“Os movimentos titilantes dos comboios
enchem-nos as veias de desejos.”
Guillaume Apollinaire in Les Onze Mille Verges
‘De Cabo a Cabo’ teve por objectivo unir os pontos mais norte da Europa e o mais sul de África, numa viagem em busca das afinidades e multiplicidades dos povos, das suas culturas, dos seus locais, das suas crenças e esperanças, das suas singularidades e de como o homem é um ser ‘pacífico e cooperativo’, como dizia o professor Berger a Paul Theroux durante a sua Viagem Por África.
O comboio é uma paixão. Mas é também a génese de crimes literários, romances e lembranças da nossa memória colectiva. Ainda se acena à sua passagem. Ainda é veículo de proximidade, de saudades encurtadas, de partidas e regressos… de viagens épicas e sentimentais.
As viagens de comboio estão imbuídas de uma nostalgia própria. Inexplicável. Conferem sentido à própria viagem. Fá-la valer por si mesma. Daí que tenha recorrido, sempre que me foi possível, ao comboio para me deslocar.
Sentir das vidas que por ele passam, comungando dessas singularidades dos homens.
Sou uma espécie de agorafóbico por afinidade. Não gosto de cidades grandes, de multidões, de turismo de massas. Gosto da aldeia onde posso ser convidado a entrar em casa de alguém. Do apelo para um chá de menta. Da descoberta das pessoas mais do que do museu ou do palácio.

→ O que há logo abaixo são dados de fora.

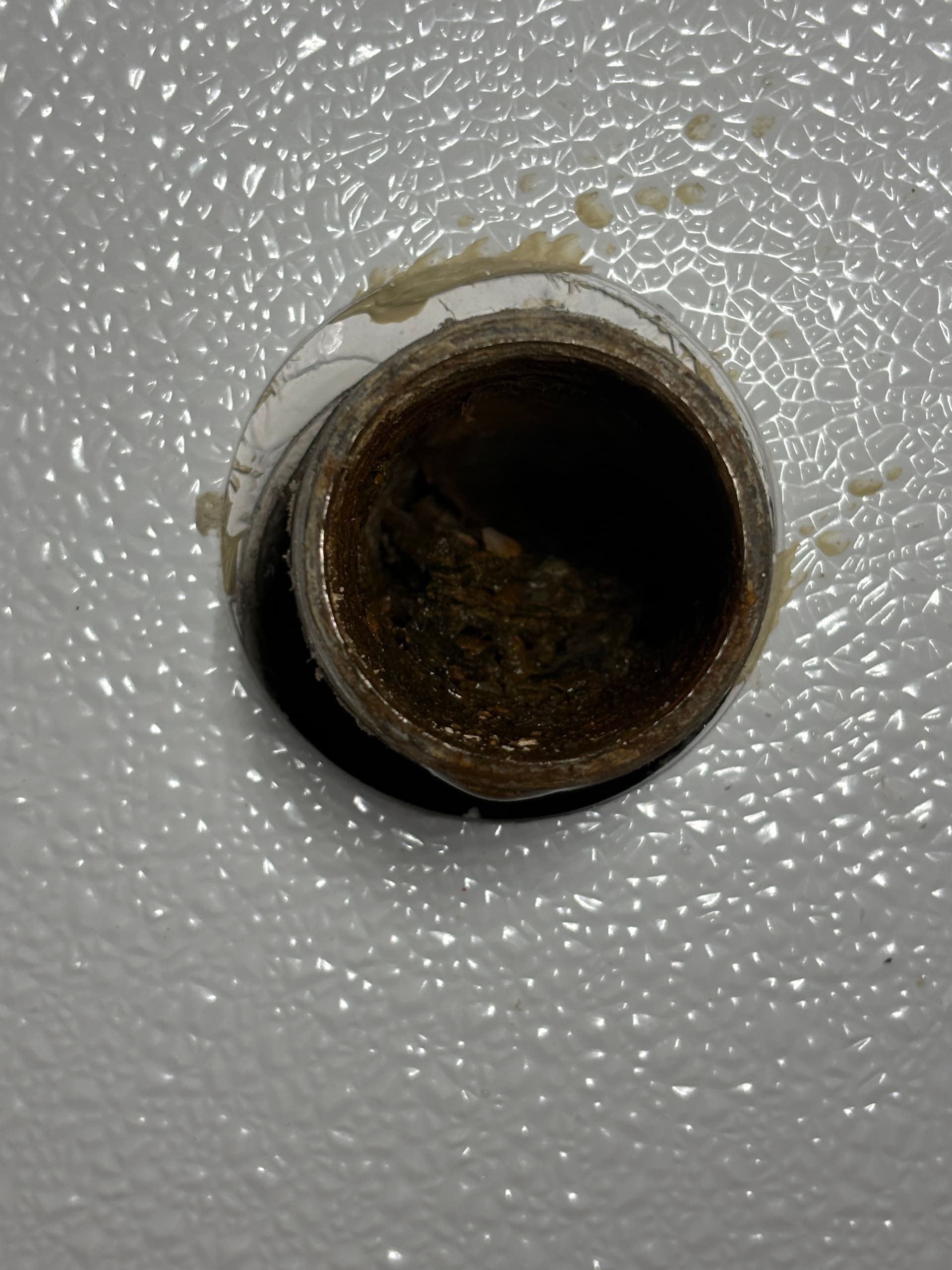 An open floor drain pipe with buildup at the opening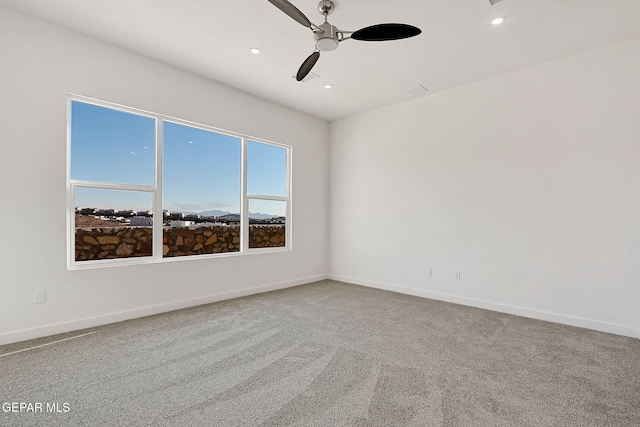 unfurnished room with carpet floors and ceiling fan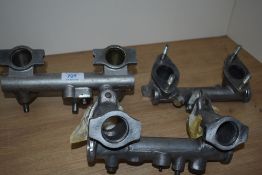 Three vintage manifolds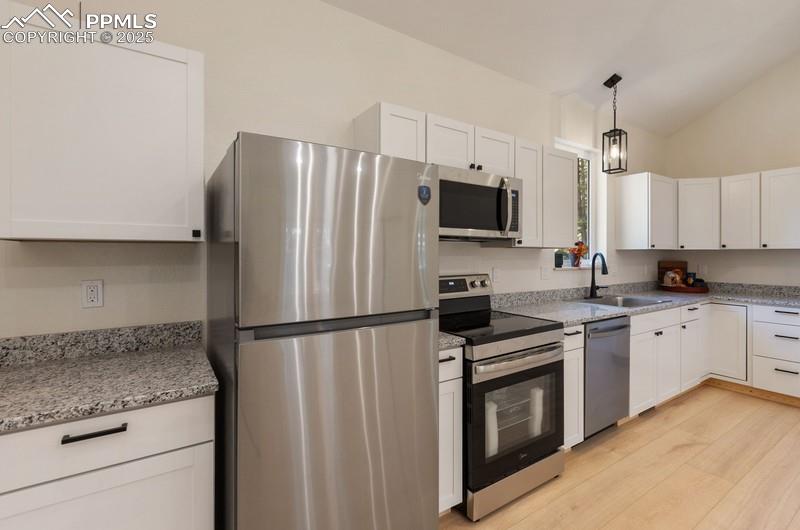 Image 17 of 37: Kitchen with appliances with stainless steel finishes, white cabinets, ligh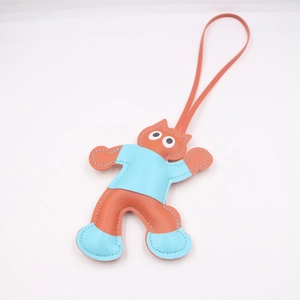 Detail of a cartoon cat leather bag charm featuring orange and blue contrast stitching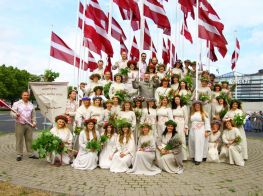 Koris gaišos tērpos pie Latvijas karogiem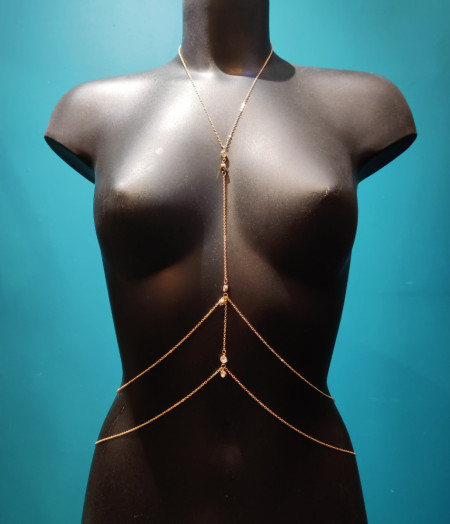 Bijou de buste en chaîne fine dorée avec double chaînes qui tombent sur les hanches et marquent la taille et pendant brillants.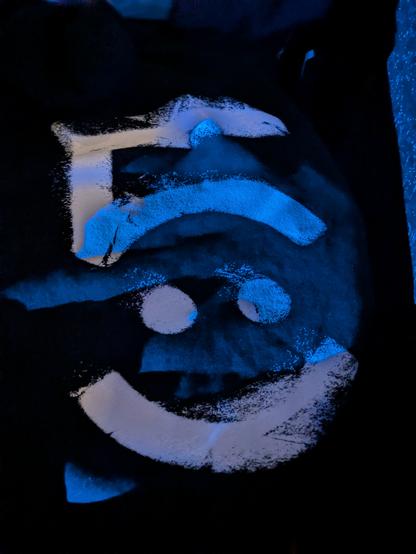 Back of a black awolnation Hoodie with the 5 album symbol in white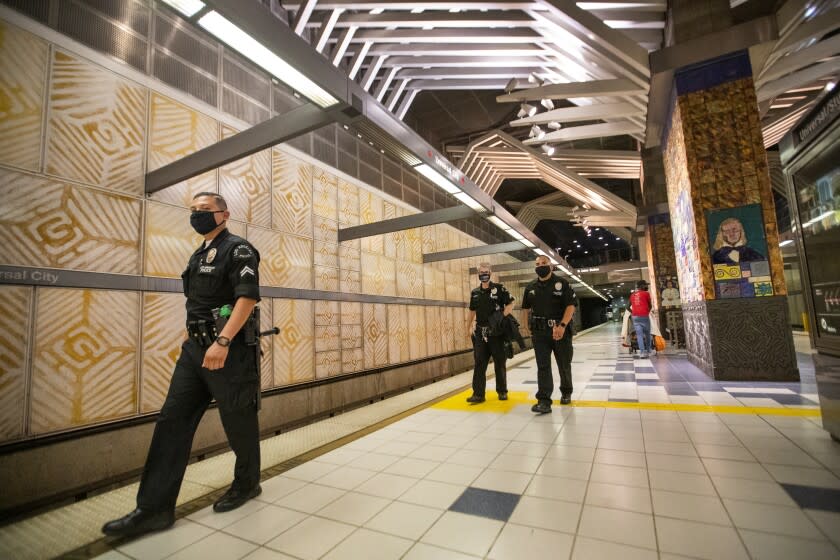 HOLLYWOOD, CA - JUNE 25: LAPD officers patrol the Metro Hollywood/Highland station at the Metro Hollywood/Highland Station Thursday, June 25, 2020 in Hollywood, CA. The Metro Board of Directors will meet. The agenda includes the consideration of appointing a committee to develop plans for replacing armed transit safety officers with ``smarter and more effective methods of providing public safety.'' (Allen J. Schaben / Los Angeles Times)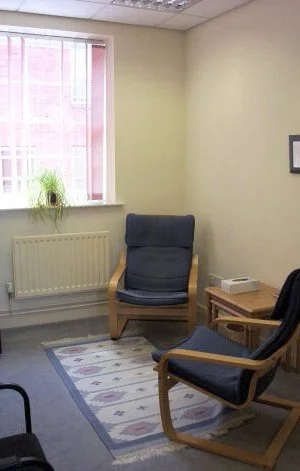 Office corner with two wooden chairs with dark cushions, a wooden side table, a window with pink blinds, a potted plant, and a framed picture on the wall.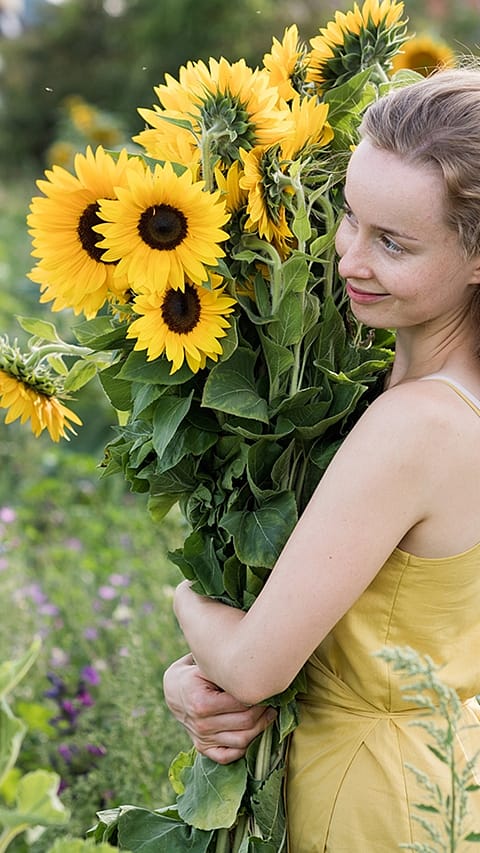 Girl smiling and holding a large bunch sunflowers.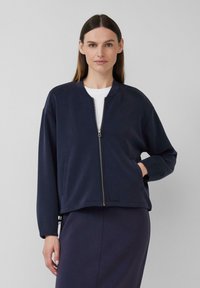 Navyblaue Bomberjacke aus einem weichen Material mit Reißverschluss vorne, Seitentaschen und gerippten Bündchen. Hat einen lässigen Schnitt und einen runden Ausschnitt.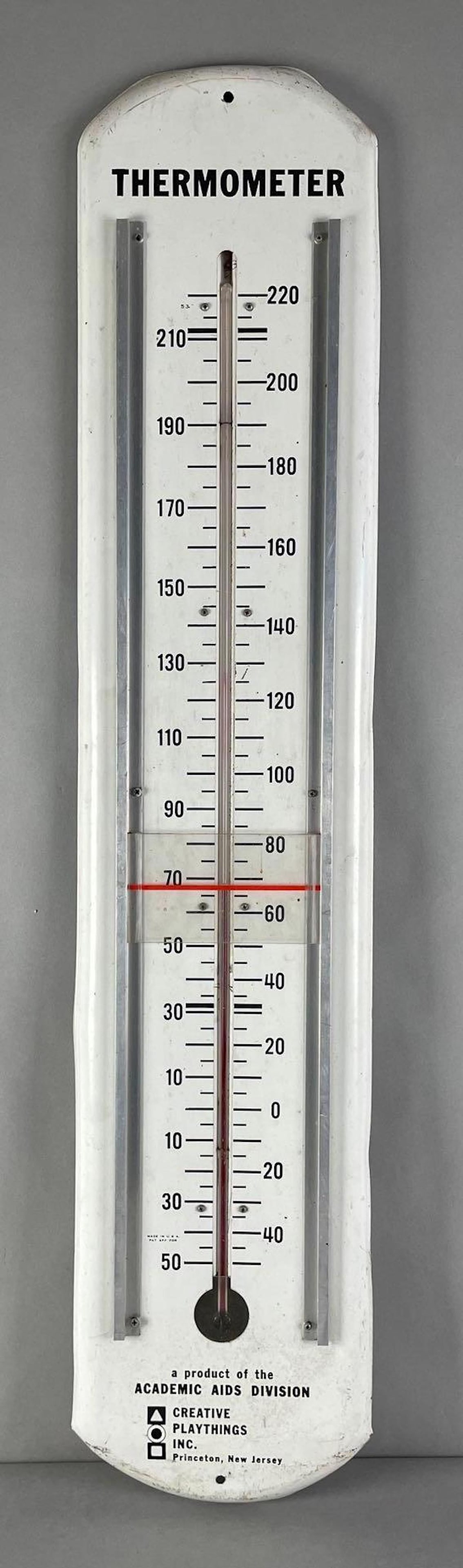 Vintage Creative Playthings Inc. Metal Advertising Thermometer: Slide and thermometer in working condition. Measures 38 3/4 x 8 inches
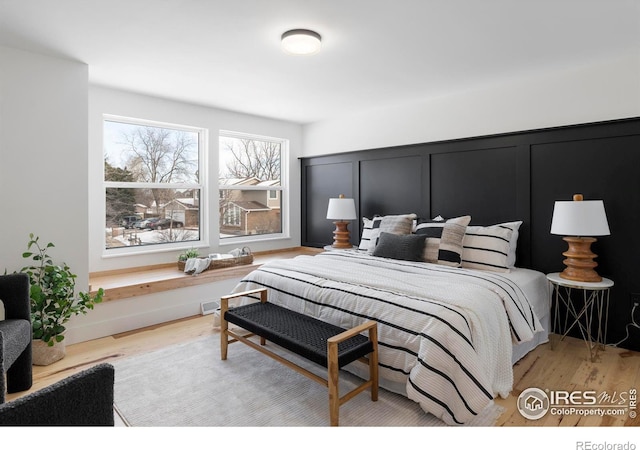 bedroom with light hardwood / wood-style floors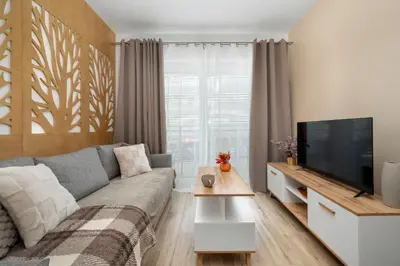 Telewizja i/lub zestaw kina domowego w obiekcie Cosy Studio in Wrocław Near the River with Parking and Balcony by Noclegi Renters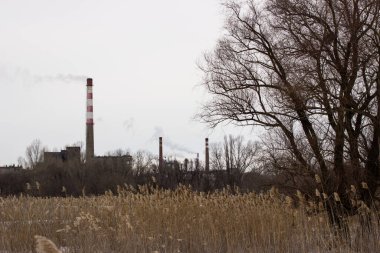 Dumanı şehrin kenar mahallelerinde bulunan bir boru fabrikasının şehir manzarası çevre kirliliği kavramı.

Nesta viagem procurei ir ao encontro de alguns desses locais menos visitados, recorrendo sempre que foi possível ao conceito CouchSurfing para me hospedar e melhor me inteirar da realidade que me envolve.
O mundo é seguro por muito que nos vendam o contrario.
África é recorrentemente referida como lugar de pobreza, de conflitos étnicos, de doença… mas foi à procura da África ‘cooperativa’ do professor Berger que parti. De África como um lugar de esperança e de futuro. Parti à descoberta de um Médio Oriente onde os conflitos são mais políticos que religiosos, testemunhando a convivência pacifica irreligiosidade das suas comunidades. De uma Europa distinta mas comunitária.
Foram sete meses. Uma pequena mochila foi tudo o que carreguei comigo durante esses dias para completar os mais de 25000 quilómetros dessa jornada, percorrendo vinte países e atravessando três continentes.
Viajar é um vício. Tenho desejo e necessidade de conhecer novos locais.
A felicidade encontro-a a cada quilómetro palmilhado. Em cada amizade que nasce. Em cada compartimento de comboio, em cada estação. Na tenda montada com vista sobre o rio ou as montanhas. Em cada trilho. Em cada partida e em cada regresso… é por isso que parto.